- Born: August 5, 1958 (age 68) Framingham, Massachusetts
- Occupations: Producer, director, writer, editor
- Years active: 1990–current

= David P. Levin =

American television producer, director and writer

David P. Levin (born August 5, 1958) is an American producer, director, writer and editor. In the early days of MTV, he produced Rockumentaries on Madonna and Michael Jackson, and later went on to help create and develop the "Uncensored" brand for MTV. Later on he created, produced and directed TV Land Confidential for TV Land, and also produced and directed When Pop Culture Saved America, Which Entertainment Weekly cited as one of the 10 specials to watch on the tenth anniversary of the 9/11 Terrorist Attacks. He is the founder of BrainStorm Inc., a video production company with a focus on television projects.

==Early life==
Levin was born in Framingham, Massachusetts. He grew up in Teaneck, New Jersey, and graduated from Teaneck High School.

Levin attended Rutgers University, where he created Knight Time Productions in 1979, the first student-run television production group at the university.
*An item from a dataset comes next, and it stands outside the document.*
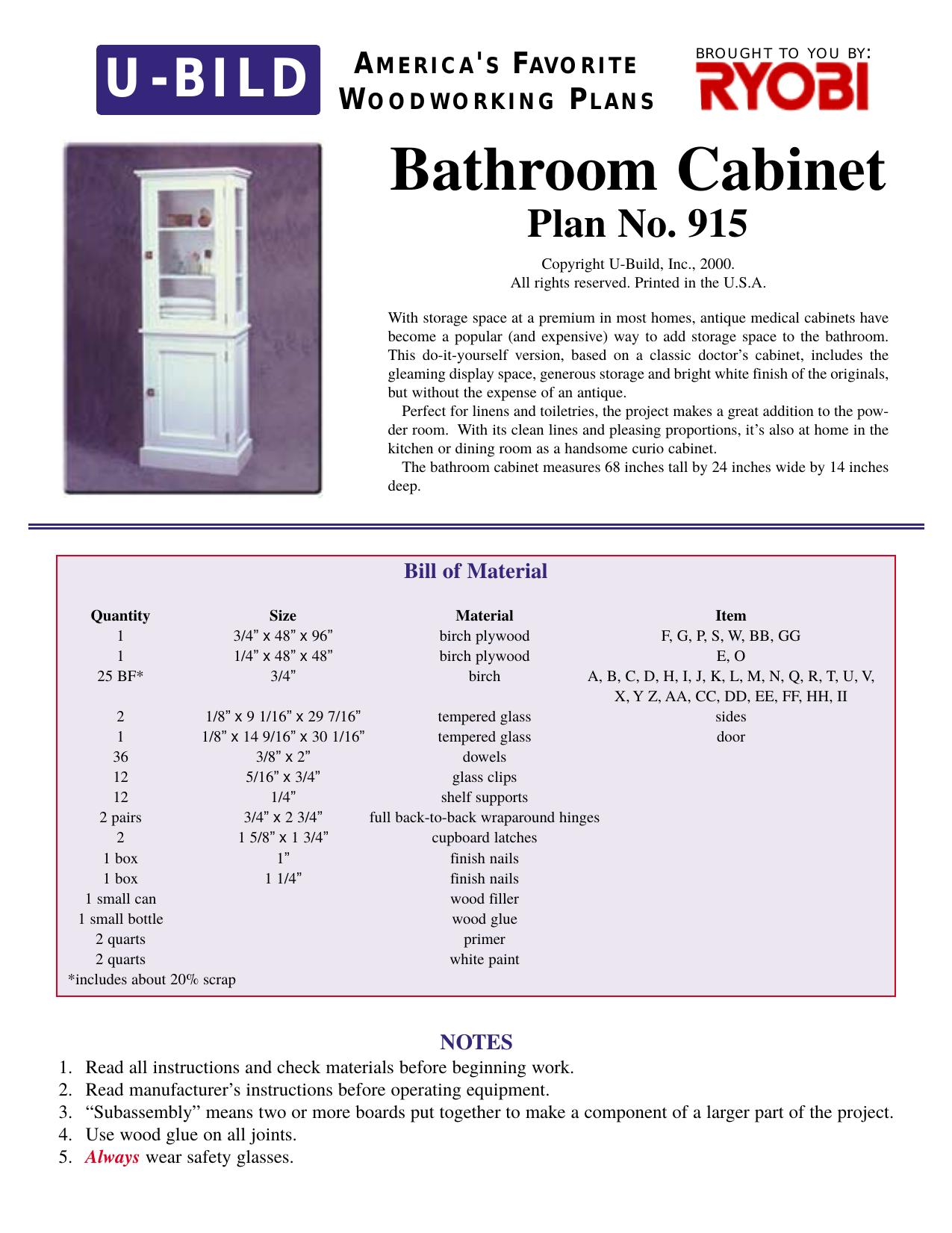 cabinet by bathroom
Prior to the establishment of RU-TV in 1999, this group was responsible for all the student television on the New Brunswick Campus of Rutgers.

==Career==
Upon graduation, Levin began as an editor, and later worked as a director/producer/writer for a variety of companies, including American Movie Classics, USA Network and MTV. While at MTV, he produced several episodes of the "Rockumentaries" series, including Madonna, Elton John and Michael Jackson.
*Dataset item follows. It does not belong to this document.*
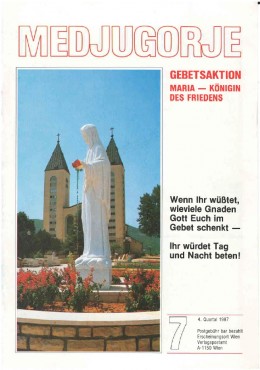 Medjugorje Nr. 7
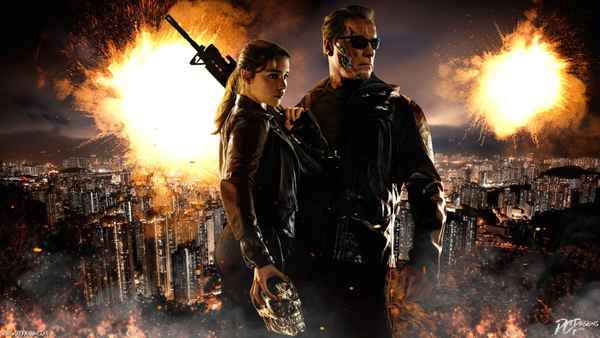 Terminator Genisys Poster 2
Levin co-created the long-running, Emmy nominated series "MTV Uncensored" for the network. Later he went on to create "TV Land Confidential", "The A-List", for Animal Planet, and the pilot for the comedy series "Take Two" which starred Anson Williams, Don Most and Beth Littleford.

In 2011, Levin wrote, directed and produced "When Pop Culture Saved America", a documentary commemorating the tenth anniversary of the September 11 attacks. The show dealt with the impact of pop culture on the country in the aftermath of the attacks, and how they helped to heal the United States. The documentary premiered on A&E's The Biography Channel without commercial interruption on the tenth anniversary of the attacks.

Levin has also written several books: two children's story books featuring Superman as well as MTV Uncensored, a coffee-table book released for the twentieth anniversary of MTV. Levin was also the writer of what is thought to be one of the rarest Superman comics ever published, titled "This Island Bradman" (artwork by Curt Swan), a comic book that was privately commissioned in 1988 by real estate tycoon Godfrey Bradman as a Bar Mitzvah gift for his son. He also wrote one of the issues of DC Comics Bonus Book, for issue #24 of Justice League International in February 1989.

Levin is also the host and executive producer of "POP GOES THE CULTURE TV", a YouTube channel.

Levin is co-creator of "Monsters Aren't Real???", a new AI slop comedy series along with children's author, Nancy E. Krulik, slated for release in 2026.